This is explained in the code comment, removing.

I'm not sure that it is explained in the code comment, so maybe my message or comment isn't clear.

Increasing processes is very good for concurrency but very bad for memory usage. Increasing threads helps somewhat with concurrency but isn't as bad for memory usage. This is because processes don't efficiently share memory (even though Ruby 2.1+ purportedly has copy-on-write), and threads (in Ruby) don't efficiently share CPU, because of the global interpreter lock.

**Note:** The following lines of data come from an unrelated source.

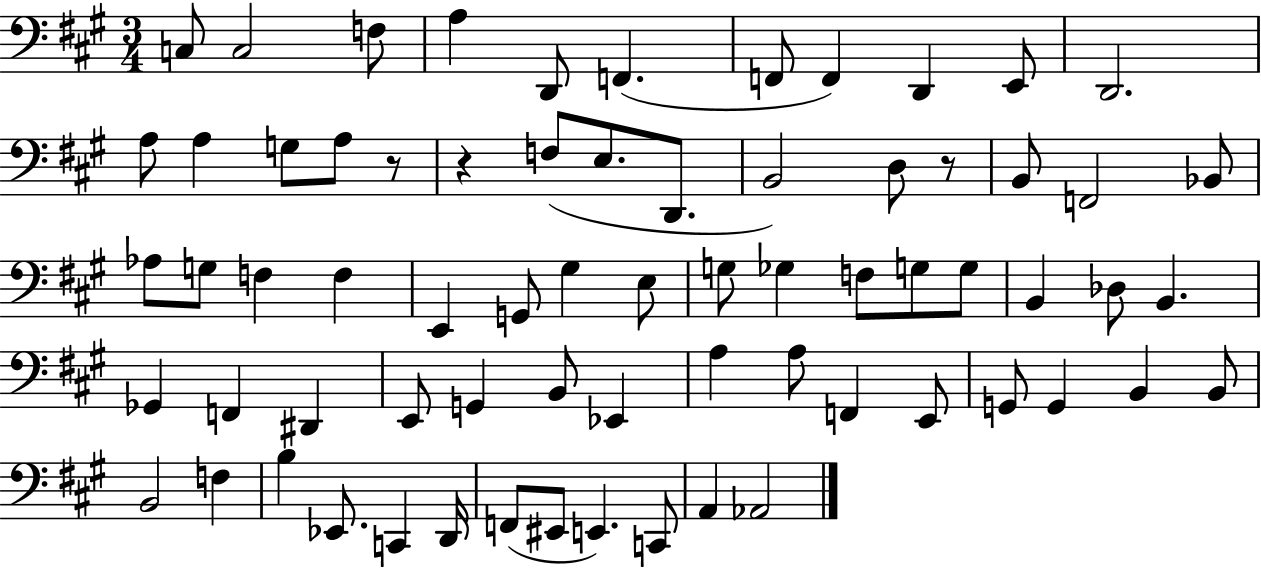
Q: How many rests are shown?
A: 3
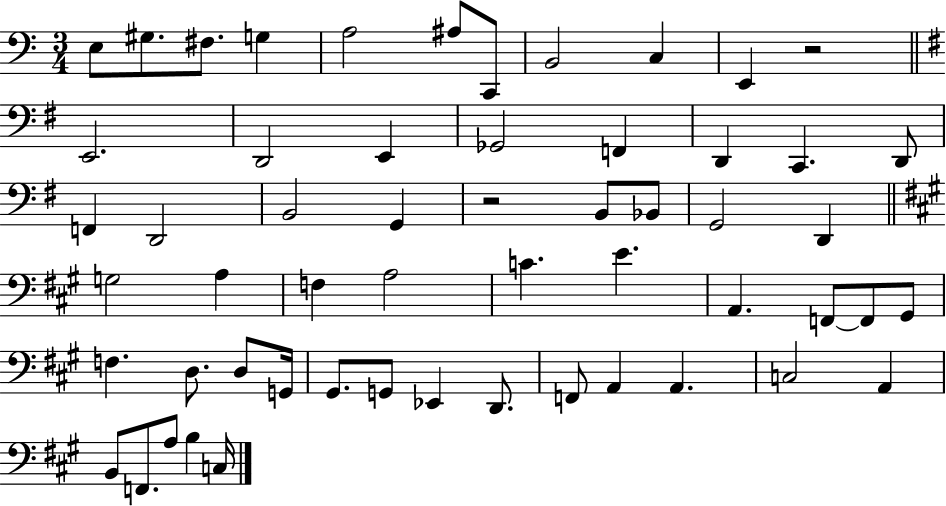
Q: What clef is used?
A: bass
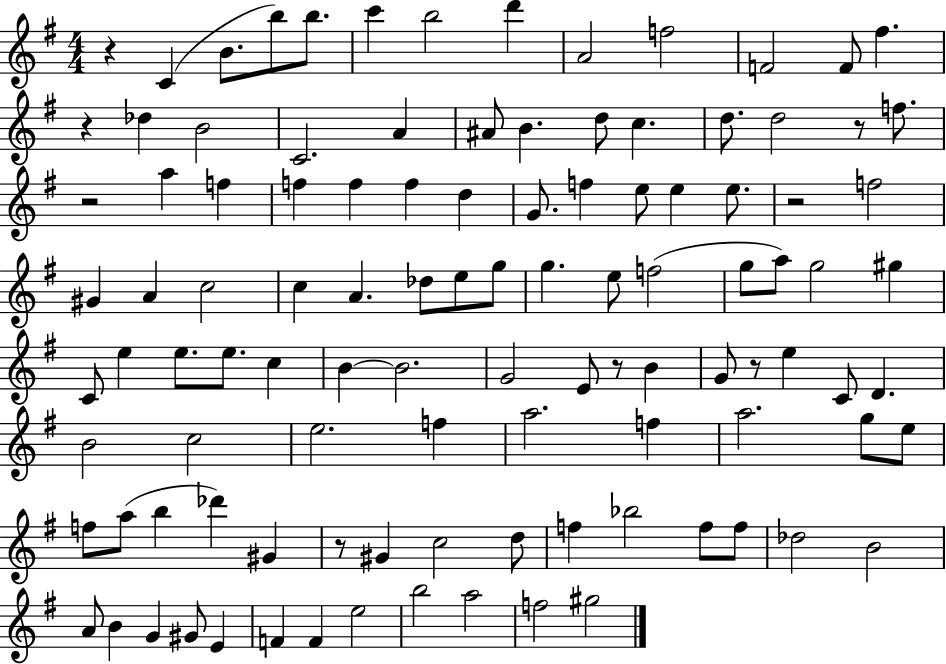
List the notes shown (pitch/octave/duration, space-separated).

R/q C4/q B4/e. B5/e B5/e. C6/q B5/h D6/q A4/h F5/h F4/h F4/e F#5/q. R/q Db5/q B4/h C4/h. A4/q A#4/e B4/q. D5/e C5/q. D5/e. D5/h R/e F5/e. R/h A5/q F5/q F5/q F5/q F5/q D5/q G4/e. F5/q E5/e E5/q E5/e. R/h F5/h G#4/q A4/q C5/h C5/q A4/q. Db5/e E5/e G5/e G5/q. E5/e F5/h G5/e A5/e G5/h G#5/q C4/e E5/q E5/e. E5/e. C5/q B4/q B4/h. G4/h E4/e R/e B4/q G4/e R/e E5/q C4/e D4/q. B4/h C5/h E5/h. F5/q A5/h. F5/q A5/h. G5/e E5/e F5/e A5/e B5/q Db6/q G#4/q R/e G#4/q C5/h D5/e F5/q Bb5/h F5/e F5/e Db5/h B4/h A4/e B4/q G4/q G#4/e E4/q F4/q F4/q E5/h B5/h A5/h F5/h G#5/h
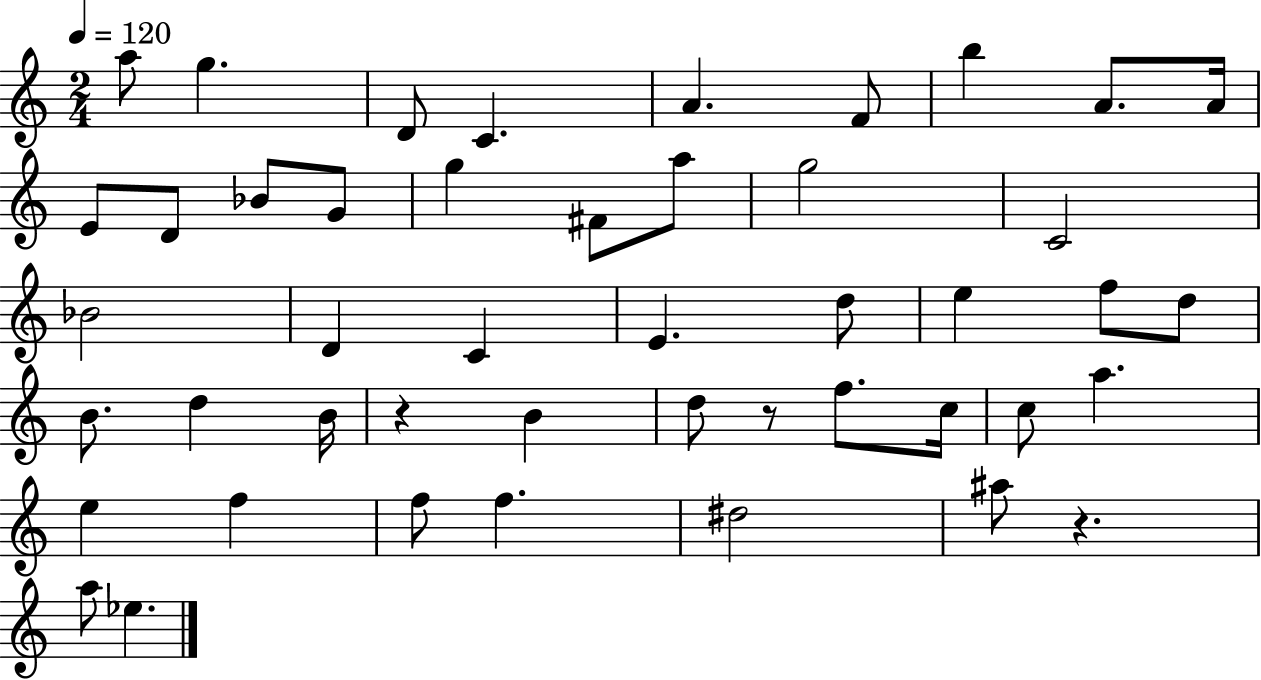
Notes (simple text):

A5/e G5/q. D4/e C4/q. A4/q. F4/e B5/q A4/e. A4/s E4/e D4/e Bb4/e G4/e G5/q F#4/e A5/e G5/h C4/h Bb4/h D4/q C4/q E4/q. D5/e E5/q F5/e D5/e B4/e. D5/q B4/s R/q B4/q D5/e R/e F5/e. C5/s C5/e A5/q. E5/q F5/q F5/e F5/q. D#5/h A#5/e R/q. A5/e Eb5/q.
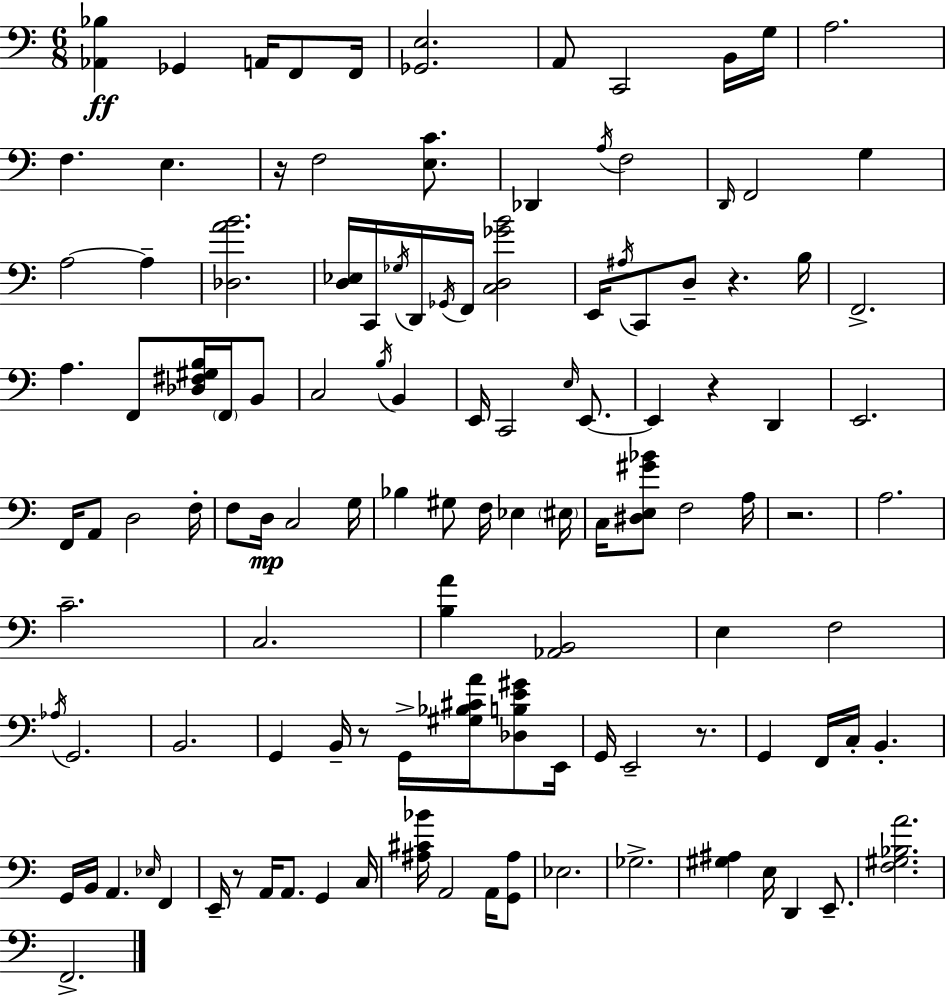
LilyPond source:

{
  \clef bass
  \numericTimeSignature
  \time 6/8
  \key c \major
  \repeat volta 2 { <aes, bes>4\ff ges,4 a,16 f,8 f,16 | <ges, e>2. | a,8 c,2 b,16 g16 | a2. | \break f4. e4. | r16 f2 <e c'>8. | des,4 \acciaccatura { a16 } f2 | \grace { d,16 } f,2 g4 | \break a2~~ a4-- | <des a' b'>2. | <d ees>16 c,16 \acciaccatura { ges16 } d,16 \acciaccatura { ges,16 } f,16 <c d ges' b'>2 | e,16 \acciaccatura { ais16 } c,8 d8-- r4. | \break b16 f,2.-> | a4. f,8 | <des fis gis b>16 \parenthesize f,16 b,8 c2 | \acciaccatura { b16 } b,4 e,16 c,2 | \break \grace { e16 } e,8.~~ e,4 r4 | d,4 e,2. | f,16 a,8 d2 | f16-. f8 d16\mp c2 | \break g16 bes4 gis8 | f16 ees4 \parenthesize eis16 c16 <dis e gis' bes'>8 f2 | a16 r2. | a2. | \break c'2.-- | c2. | <b a'>4 <aes, b,>2 | e4 f2 | \break \acciaccatura { aes16 } g,2. | b,2. | g,4 | b,16-- r8 g,16-> <gis bes cis' a'>16 <des b e' gis'>8 e,16 g,16 e,2-- | \break r8. g,4 | f,16 c16-. b,4.-. g,16 b,16 a,4. | \grace { ees16 } f,4 e,16-- r8 | a,16 a,8. g,4 c16 <ais cis' bes'>16 a,2 | \break a,16 <g, ais>8 ees2. | ges2.-> | <gis ais>4 | e16 d,4 e,8.-- <f gis bes a'>2. | \break f,2.-> | } \bar "|."
}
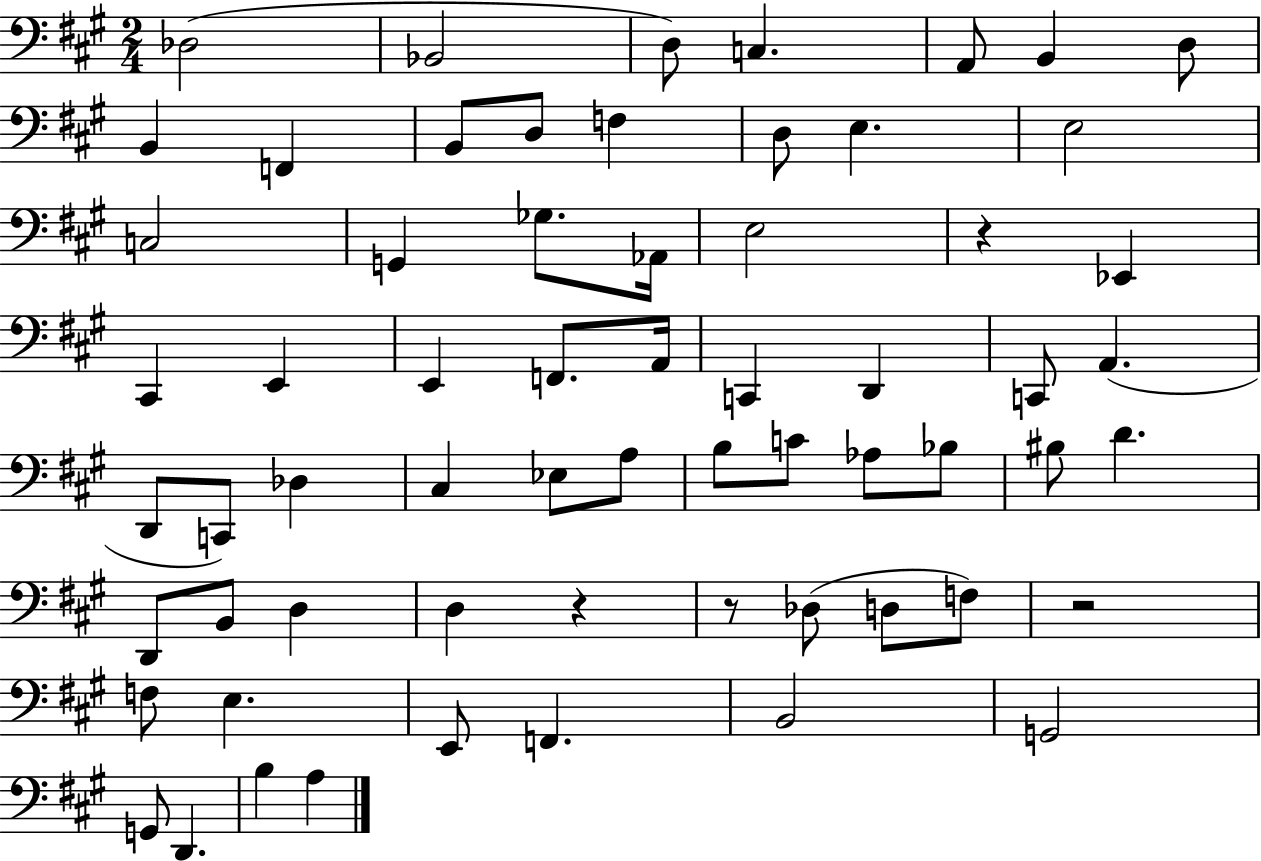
Db3/h Bb2/h D3/e C3/q. A2/e B2/q D3/e B2/q F2/q B2/e D3/e F3/q D3/e E3/q. E3/h C3/h G2/q Gb3/e. Ab2/s E3/h R/q Eb2/q C#2/q E2/q E2/q F2/e. A2/s C2/q D2/q C2/e A2/q. D2/e C2/e Db3/q C#3/q Eb3/e A3/e B3/e C4/e Ab3/e Bb3/e BIS3/e D4/q. D2/e B2/e D3/q D3/q R/q R/e Db3/e D3/e F3/e R/h F3/e E3/q. E2/e F2/q. B2/h G2/h G2/e D2/q. B3/q A3/q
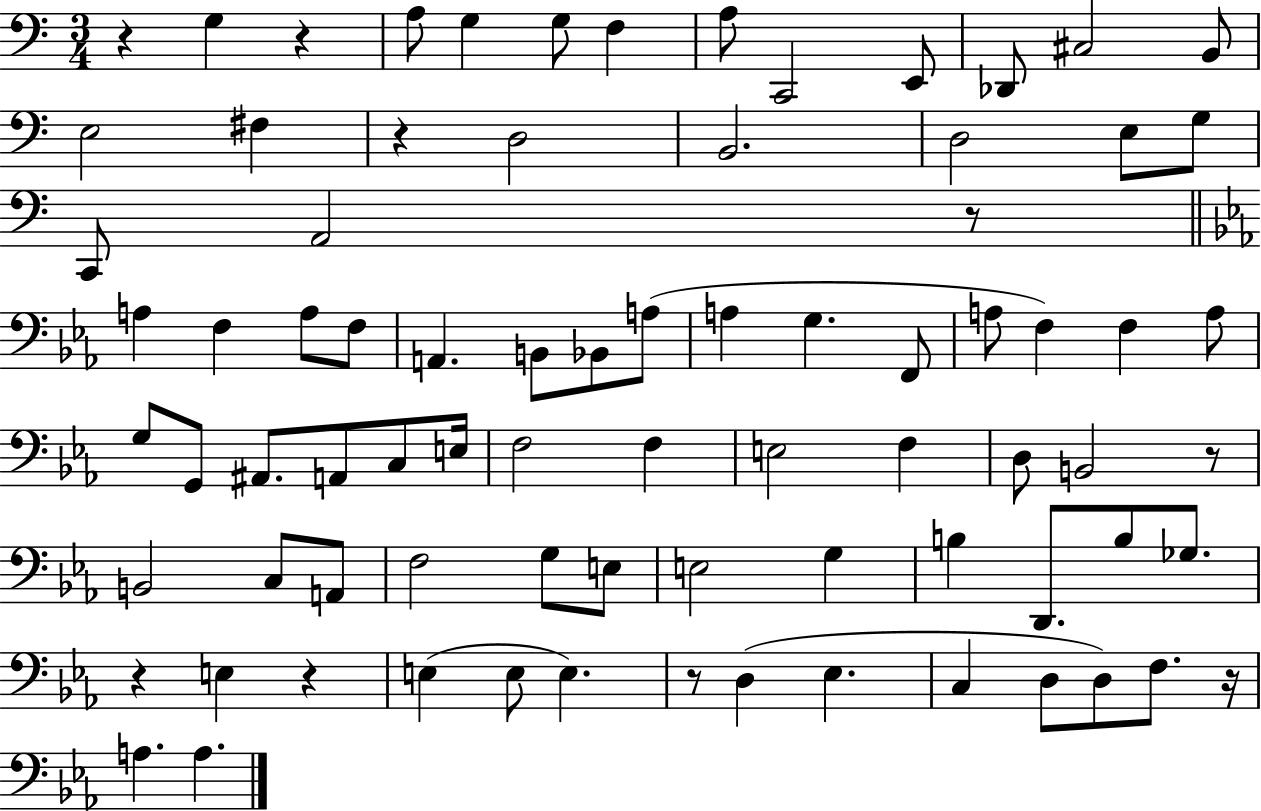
{
  \clef bass
  \numericTimeSignature
  \time 3/4
  \key c \major
  r4 g4 r4 | a8 g4 g8 f4 | a8 c,2 e,8 | des,8 cis2 b,8 | \break e2 fis4 | r4 d2 | b,2. | d2 e8 g8 | \break c,8 a,2 r8 | \bar "||" \break \key ees \major a4 f4 a8 f8 | a,4. b,8 bes,8 a8( | a4 g4. f,8 | a8 f4) f4 a8 | \break g8 g,8 ais,8. a,8 c8 e16 | f2 f4 | e2 f4 | d8 b,2 r8 | \break b,2 c8 a,8 | f2 g8 e8 | e2 g4 | b4 d,8. b8 ges8. | \break r4 e4 r4 | e4( e8 e4.) | r8 d4( ees4. | c4 d8 d8) f8. r16 | \break a4. a4. | \bar "|."
}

I think 2x2 is a good combination, because it means that:

  • If one of the workers on a dyno is fully occupied serving a slow, CPU-bound request (such as rendering complex ERB or JSON), another request routed to that dyno can be handled by the other worker.
  • If one of the threads on a worker is occupied serving a slow, IO-bound request (such as a slow database query), the other thread can still respond to requests.
  • More than two processes gets close to the memory ceiling, even with one thread, so two processes feels like a good max.

It seems like we can keep a higher number of threads while still comfortably fitting in a dyno, although if you'd rather have suspenders be lighter by default I'm not against that.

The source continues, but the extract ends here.